Marie-Ja avait tracé la figure d’une marelle sur le gravier et sautait à cloche-pied d’un compartiment à l’autre.

Lise s’installa sur le mur, à l’abri d’une bosse de lierre et commença de rédiger mentalement une relation de voyage à son usage personnel :

« Les naturels de ce pays se livrent à un jeu que l’on nomme marelle. (Si j’écrivais mar-hèl, ce serait bien malgache, ou peut-être polynésien ?) »

À cet endroit, Marie-Ja, qui venait de retomber d’aplomb sur le dernier rectangle, aperçut Lise et lui fit un pied de nez.

« Curieux rite indigène, » nota Lise, gravement, mais il lui fallut rire, malgré elle et si fort qu’elle en pleurait.

La porte de la maison s’ouvrit et la dame au museau de belette poudrée reparut sur le seuil, dans sa robe de broderie anglaise.

— Marie-Ja, qu’est-ce que j’ai vu ?

— Non, dit Marie-Ja en baissant son front têtu.

— Madame, cria Lise, il n’y a pas de quoi se fâcher.

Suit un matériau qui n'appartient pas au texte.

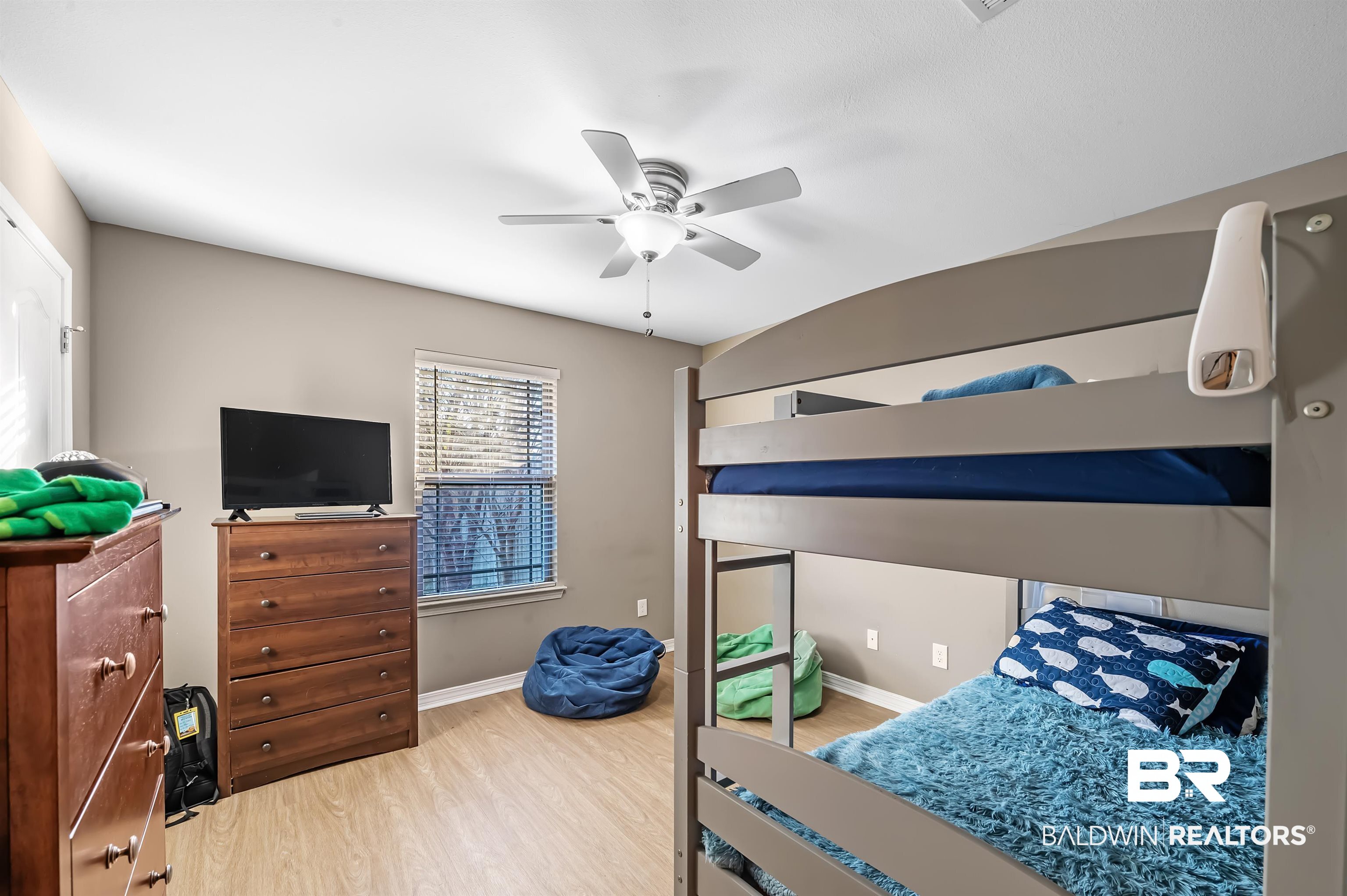 229 Meadow Run Loop East Foley, AL 36535 - Photo 29 of 31 Bedroom with ceiling fan and wood-type flooring
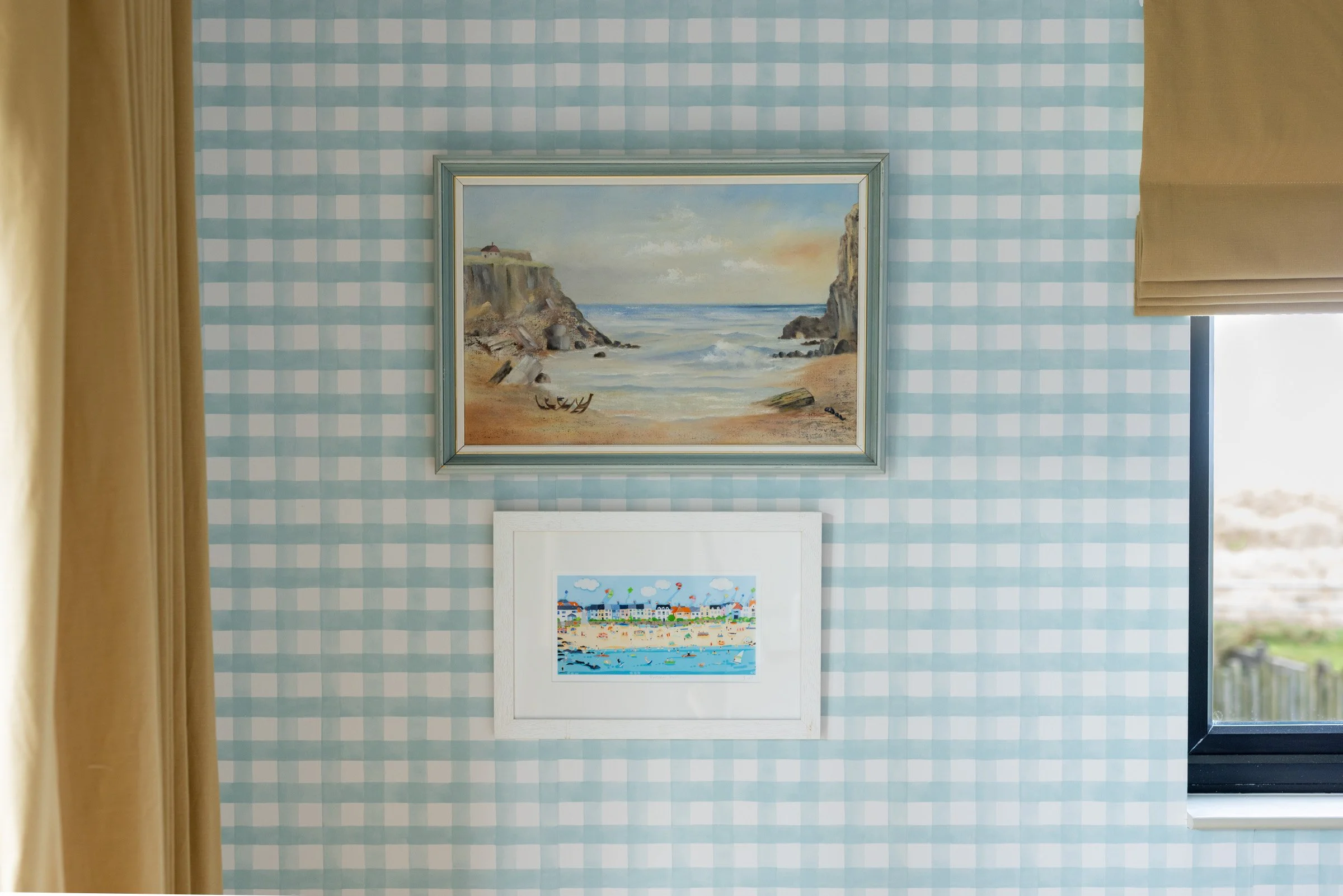 Soft blue gingham and coastal artwork capture the carefree spirit of beach hut living in this Anglesey seaside retreat.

C’est un rite indigène.

— Marie-Ja, vous allez présenter vos excuses à Mademoiselle notre voisine, im-mé-dia-te-ment.

— Non, dit Marie-Ja en grattant le sol du pied.

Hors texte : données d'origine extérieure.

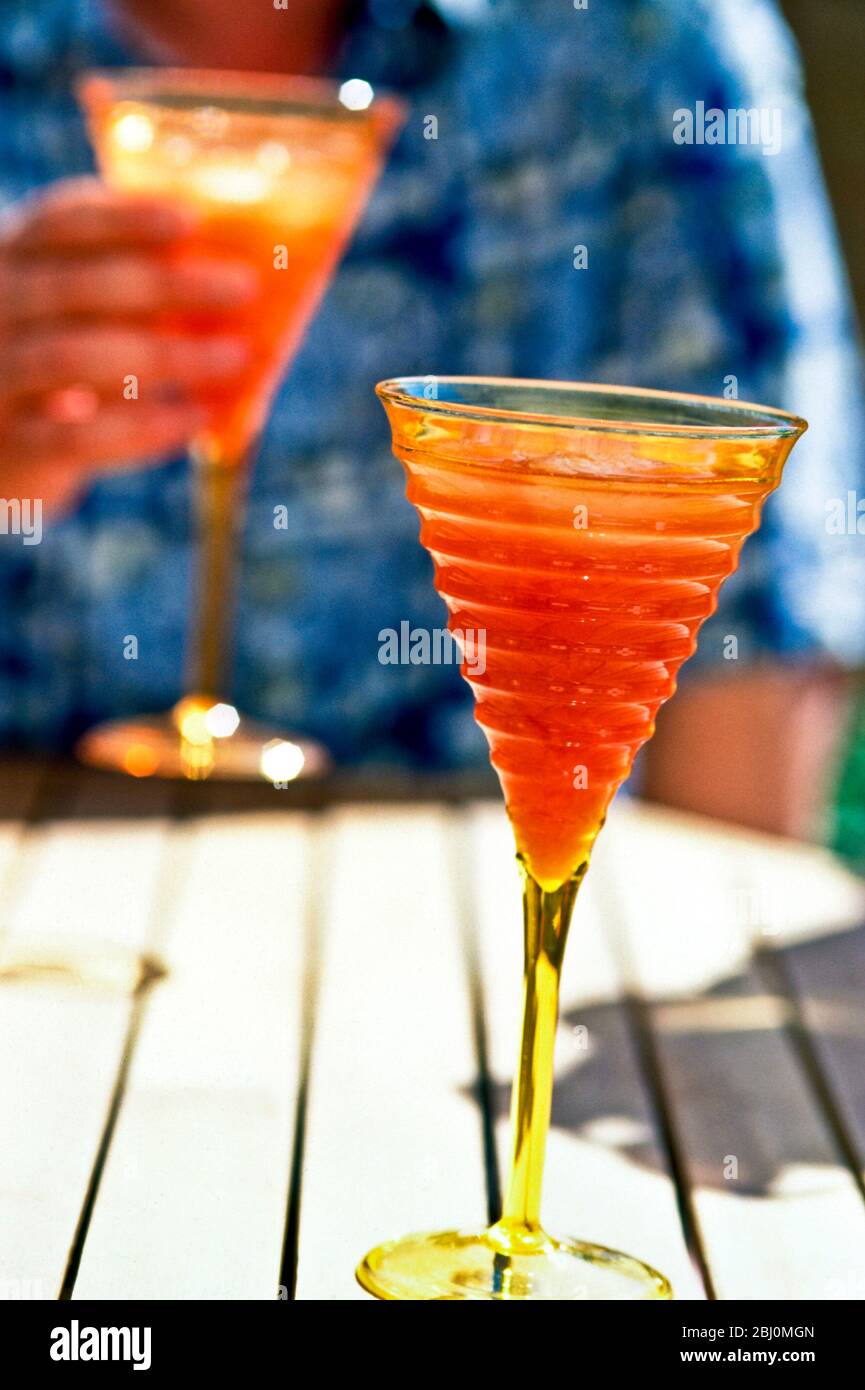 Brightly coloured fruity cocktails served oudoors - Stock Photo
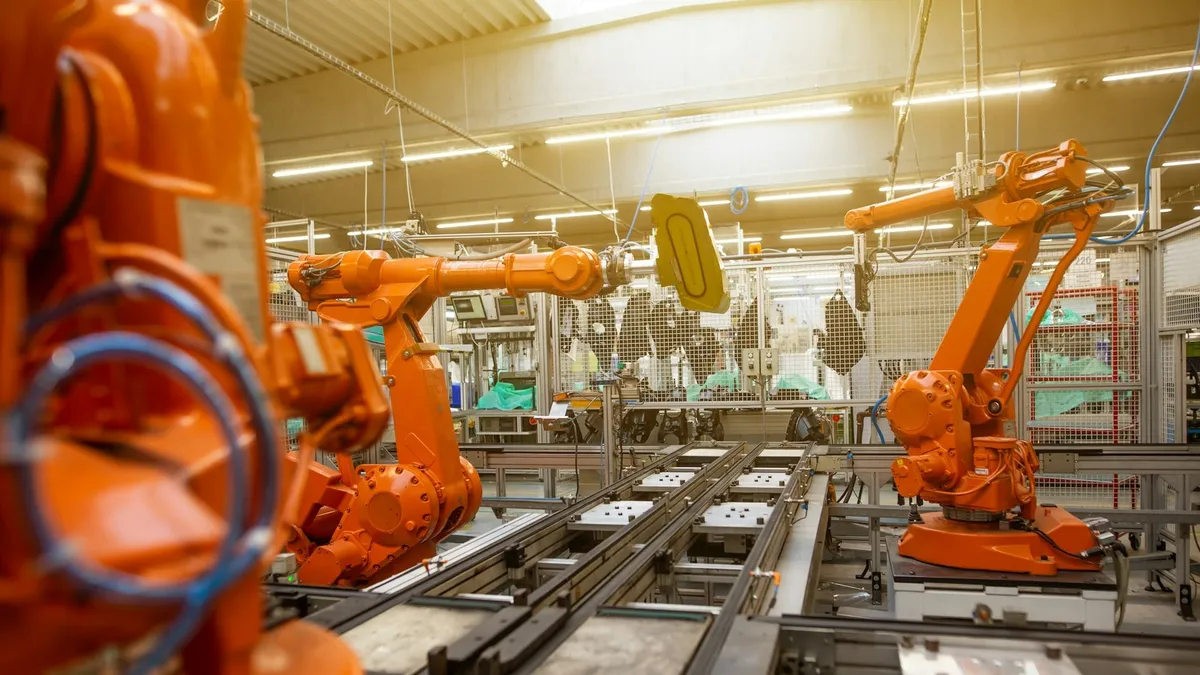 Modern bir fabrikada üretim hattı boyunca dizilmiş turuncu endüstriyel robot kolları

— Non ? reprit la dame. Non ?

Et soudain elle fondit sur sa fille comme un épervier et se mit à la battre avec la vigueur incroyable des femmes maigres cependant que Marie-Ja tâchait de se protéger partout où elle pouvait et hurlait de toutes ses forces :

— Oûh ïa, ïa, ïa, petite maman chérie, laissez-moi, laissez-moi ! Pardon, pardon, petite maman chérie…

— Allez ! allez ! disait la dame avec exaltation, à chaque fois que son bras s’abattait.